Results from this study bear consistency with several published social media analysis on prior spread of infectious diseases. A 2016 study of Japanese tweets containing influenza symptoms found a time lag between the rate of tweets with forecasting words and the national influenza rate, as we found in this study [15]. A study of Korean tweets from 2016 found that tweets with keywords related to Middle East respiratory syndrome (MERS) were more predictive of the Korean quarantine rate as the time lag increased, but less predictive of laboratory-confirmed cases [16]. Finally, a 2010 study of English-language tweets about the H1N1 pandemic found that tweets which were automatically coded as indicative of personal disease experience, based on keywords, exhibited high correlation with personal disease experience after manual verification [17].
Throughout the COVID-19 crisis, maps have been popularly used to describe the extent and distribution of the pandemic [14, 18, 19]. However, these maps have focused on the disease itself, whereas social consequences of the disease (such as social media posts) may also provide useful insights warranting the production of maps [20, 21]. Furthermore, there exist powerful geospatial and statistical methods that can applied to these data. Though the data themselves are not direct records of the disease, careful scrutiny of indirect data manifestations of COVID-19 may be able to lend insights about the disease which otherwise are impossible to obtain.
Limitations
Findings from this study are subject to a number of important limitations. Importantly, a fraction of overall posts were geolocated, which raises the possibility of sampling bias with respect to the overall tweet corpus. Furthermore, some communities and their specific demographic features may have a greater propensity to post Twitter messages, regardless of conditions experienced in any of its users’ communities. While it is possible that this error is approximately systemic, and thereby may not appreciably contribute to the discovery of spurious relationships, little analysis has been done to verify whether the proportion of posts responding to local conditions is consistent across geospatial units. Similarly, we have considered the variation in COVID-19 cases to be reflective of true variation at an artificially deflated magnitude, due to insufficient testing. However, testing initiatives of local public health bodies may have appreciably varied during the study period, potentially resulting in erroneous variation, in addition to the suspected erroneous variation in magnitude.
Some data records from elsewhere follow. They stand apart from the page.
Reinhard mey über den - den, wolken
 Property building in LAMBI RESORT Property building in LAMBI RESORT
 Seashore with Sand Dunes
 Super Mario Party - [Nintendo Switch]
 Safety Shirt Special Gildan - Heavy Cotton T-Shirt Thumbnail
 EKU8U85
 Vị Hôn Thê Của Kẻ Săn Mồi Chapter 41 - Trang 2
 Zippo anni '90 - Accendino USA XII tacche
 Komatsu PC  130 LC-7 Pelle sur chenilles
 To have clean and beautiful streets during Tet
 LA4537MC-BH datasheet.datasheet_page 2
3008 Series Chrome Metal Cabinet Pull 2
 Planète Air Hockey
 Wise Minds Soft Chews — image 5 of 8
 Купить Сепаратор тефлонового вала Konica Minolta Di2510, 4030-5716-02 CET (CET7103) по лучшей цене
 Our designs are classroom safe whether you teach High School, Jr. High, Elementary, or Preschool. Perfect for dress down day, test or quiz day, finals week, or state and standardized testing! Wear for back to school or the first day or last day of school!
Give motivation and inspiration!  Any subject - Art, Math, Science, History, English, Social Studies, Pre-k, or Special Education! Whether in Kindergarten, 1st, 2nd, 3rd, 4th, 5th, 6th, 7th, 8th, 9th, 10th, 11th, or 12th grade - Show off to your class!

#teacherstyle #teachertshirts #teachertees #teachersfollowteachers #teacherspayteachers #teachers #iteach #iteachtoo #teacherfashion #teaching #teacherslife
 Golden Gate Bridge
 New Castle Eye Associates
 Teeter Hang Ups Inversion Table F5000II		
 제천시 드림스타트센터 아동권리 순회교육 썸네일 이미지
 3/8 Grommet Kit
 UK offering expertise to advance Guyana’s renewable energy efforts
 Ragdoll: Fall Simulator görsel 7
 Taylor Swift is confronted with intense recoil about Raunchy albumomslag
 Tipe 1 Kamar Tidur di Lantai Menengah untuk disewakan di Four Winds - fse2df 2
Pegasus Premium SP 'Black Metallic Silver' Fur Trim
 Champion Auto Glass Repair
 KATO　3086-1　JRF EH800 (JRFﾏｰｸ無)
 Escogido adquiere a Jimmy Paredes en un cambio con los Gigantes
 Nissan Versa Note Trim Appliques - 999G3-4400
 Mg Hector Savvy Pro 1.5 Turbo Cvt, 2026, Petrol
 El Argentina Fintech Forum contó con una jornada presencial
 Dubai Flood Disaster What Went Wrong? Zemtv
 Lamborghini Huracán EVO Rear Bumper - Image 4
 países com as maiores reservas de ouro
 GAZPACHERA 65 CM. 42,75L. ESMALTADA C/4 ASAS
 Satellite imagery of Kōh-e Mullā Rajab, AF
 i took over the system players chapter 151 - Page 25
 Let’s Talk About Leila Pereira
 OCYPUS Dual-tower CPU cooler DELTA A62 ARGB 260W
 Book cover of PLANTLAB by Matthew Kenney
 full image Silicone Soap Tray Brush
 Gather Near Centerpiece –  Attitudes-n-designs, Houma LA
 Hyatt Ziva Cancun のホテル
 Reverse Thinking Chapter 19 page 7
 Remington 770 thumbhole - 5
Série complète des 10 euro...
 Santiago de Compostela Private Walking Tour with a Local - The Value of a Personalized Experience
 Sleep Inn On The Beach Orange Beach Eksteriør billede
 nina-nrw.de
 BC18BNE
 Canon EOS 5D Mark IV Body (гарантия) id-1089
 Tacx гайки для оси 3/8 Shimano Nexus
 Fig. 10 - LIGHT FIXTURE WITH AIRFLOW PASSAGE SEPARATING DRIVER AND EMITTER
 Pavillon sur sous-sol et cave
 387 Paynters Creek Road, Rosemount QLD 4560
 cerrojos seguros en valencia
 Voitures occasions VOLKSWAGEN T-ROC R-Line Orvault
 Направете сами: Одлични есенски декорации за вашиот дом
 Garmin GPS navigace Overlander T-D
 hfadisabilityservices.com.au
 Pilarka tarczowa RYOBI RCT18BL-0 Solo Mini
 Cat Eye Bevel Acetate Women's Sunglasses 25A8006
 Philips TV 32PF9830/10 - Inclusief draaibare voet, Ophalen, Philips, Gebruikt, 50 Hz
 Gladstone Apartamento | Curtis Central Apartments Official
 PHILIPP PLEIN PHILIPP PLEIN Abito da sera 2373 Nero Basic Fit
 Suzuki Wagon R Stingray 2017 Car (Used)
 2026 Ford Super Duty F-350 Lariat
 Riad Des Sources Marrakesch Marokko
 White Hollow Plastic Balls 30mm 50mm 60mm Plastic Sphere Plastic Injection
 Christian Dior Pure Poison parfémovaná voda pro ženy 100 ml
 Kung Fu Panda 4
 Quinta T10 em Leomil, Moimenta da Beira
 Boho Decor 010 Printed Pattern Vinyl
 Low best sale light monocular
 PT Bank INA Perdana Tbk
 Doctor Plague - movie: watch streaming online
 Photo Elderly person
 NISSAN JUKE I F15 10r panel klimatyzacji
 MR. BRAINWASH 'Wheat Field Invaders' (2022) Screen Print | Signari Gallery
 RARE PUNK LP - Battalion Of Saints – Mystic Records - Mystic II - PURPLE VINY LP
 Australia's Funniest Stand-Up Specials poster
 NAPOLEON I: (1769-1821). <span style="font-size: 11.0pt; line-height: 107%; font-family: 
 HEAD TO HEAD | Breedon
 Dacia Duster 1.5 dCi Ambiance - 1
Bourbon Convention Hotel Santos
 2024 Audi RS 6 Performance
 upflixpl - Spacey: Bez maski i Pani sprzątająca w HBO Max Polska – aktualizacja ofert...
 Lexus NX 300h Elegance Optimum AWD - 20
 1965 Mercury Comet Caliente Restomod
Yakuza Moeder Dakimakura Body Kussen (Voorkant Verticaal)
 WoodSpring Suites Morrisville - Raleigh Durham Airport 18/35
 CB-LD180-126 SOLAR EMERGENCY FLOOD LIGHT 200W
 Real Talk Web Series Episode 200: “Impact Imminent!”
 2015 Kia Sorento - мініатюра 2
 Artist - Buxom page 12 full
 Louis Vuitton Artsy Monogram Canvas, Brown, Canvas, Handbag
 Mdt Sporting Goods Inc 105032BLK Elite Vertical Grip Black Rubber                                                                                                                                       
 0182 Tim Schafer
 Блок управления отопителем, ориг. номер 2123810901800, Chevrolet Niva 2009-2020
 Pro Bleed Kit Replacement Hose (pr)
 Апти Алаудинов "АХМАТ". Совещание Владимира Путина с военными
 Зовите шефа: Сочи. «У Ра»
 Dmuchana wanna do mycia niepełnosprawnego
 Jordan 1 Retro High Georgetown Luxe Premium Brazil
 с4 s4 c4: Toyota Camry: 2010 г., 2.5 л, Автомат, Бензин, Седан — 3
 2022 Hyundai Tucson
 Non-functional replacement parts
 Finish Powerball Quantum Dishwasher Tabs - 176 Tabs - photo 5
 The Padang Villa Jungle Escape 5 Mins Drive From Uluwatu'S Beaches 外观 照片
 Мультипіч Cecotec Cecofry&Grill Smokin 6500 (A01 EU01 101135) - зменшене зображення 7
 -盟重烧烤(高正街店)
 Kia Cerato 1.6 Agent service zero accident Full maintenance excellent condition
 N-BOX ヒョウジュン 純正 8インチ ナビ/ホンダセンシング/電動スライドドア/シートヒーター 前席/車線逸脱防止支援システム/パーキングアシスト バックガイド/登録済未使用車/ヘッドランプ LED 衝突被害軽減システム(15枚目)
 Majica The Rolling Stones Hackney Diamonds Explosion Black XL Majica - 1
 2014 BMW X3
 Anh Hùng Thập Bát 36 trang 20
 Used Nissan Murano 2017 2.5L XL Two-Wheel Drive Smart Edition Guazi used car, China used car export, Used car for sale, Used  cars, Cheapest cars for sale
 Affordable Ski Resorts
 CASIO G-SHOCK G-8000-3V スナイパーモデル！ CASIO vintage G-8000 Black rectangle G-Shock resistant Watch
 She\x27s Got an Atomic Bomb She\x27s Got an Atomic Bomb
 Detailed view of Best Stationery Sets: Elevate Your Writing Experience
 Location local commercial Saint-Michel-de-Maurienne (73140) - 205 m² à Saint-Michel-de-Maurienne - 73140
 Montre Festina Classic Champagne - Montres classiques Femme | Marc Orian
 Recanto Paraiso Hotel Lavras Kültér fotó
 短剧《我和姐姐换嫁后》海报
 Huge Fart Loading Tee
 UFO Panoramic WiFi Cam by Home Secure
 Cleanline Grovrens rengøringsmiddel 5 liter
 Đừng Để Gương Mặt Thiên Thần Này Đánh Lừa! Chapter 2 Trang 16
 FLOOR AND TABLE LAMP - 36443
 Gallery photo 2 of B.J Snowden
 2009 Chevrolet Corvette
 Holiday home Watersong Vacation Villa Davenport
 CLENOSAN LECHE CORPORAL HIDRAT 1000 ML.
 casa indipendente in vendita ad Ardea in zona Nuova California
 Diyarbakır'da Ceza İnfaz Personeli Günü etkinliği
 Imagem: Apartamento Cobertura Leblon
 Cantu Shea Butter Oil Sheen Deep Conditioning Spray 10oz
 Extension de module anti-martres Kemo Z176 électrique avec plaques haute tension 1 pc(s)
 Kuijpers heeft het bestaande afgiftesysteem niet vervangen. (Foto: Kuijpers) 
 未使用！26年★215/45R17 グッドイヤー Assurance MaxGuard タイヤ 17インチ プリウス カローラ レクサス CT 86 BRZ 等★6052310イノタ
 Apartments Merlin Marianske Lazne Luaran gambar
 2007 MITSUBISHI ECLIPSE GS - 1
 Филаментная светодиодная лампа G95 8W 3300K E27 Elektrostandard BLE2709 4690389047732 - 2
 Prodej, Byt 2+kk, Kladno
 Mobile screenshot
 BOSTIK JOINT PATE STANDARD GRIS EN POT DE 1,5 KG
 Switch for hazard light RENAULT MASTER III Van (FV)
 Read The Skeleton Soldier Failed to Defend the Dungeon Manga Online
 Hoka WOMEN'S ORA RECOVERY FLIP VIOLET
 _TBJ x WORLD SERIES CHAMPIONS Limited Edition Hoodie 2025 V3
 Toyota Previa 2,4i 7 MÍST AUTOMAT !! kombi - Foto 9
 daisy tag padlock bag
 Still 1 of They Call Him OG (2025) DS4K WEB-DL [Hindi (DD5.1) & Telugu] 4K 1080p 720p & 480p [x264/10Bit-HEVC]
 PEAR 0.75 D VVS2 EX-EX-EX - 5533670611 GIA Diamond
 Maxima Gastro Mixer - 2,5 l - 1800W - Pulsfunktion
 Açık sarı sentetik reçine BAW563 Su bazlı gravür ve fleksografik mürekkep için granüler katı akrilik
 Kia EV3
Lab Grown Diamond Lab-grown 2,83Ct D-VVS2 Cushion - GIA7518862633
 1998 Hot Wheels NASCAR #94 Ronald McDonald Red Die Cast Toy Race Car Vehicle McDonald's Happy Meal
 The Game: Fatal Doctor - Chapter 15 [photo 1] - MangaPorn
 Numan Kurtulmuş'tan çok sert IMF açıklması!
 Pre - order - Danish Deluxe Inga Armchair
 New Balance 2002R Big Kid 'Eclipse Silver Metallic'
This study is intended to be primarily hypothesis generating, and findings from this study should be further validated in more highly controlled settings. For example, a study in a manageable set of smaller communities should seek to determine whether variation in social media data is highly predictive of community caseloads that were obtained by especially thorough testing of those communities. Such a study may also seek to assess differences in the predictive power of social media messages at different intervals from the caseload prediction time point.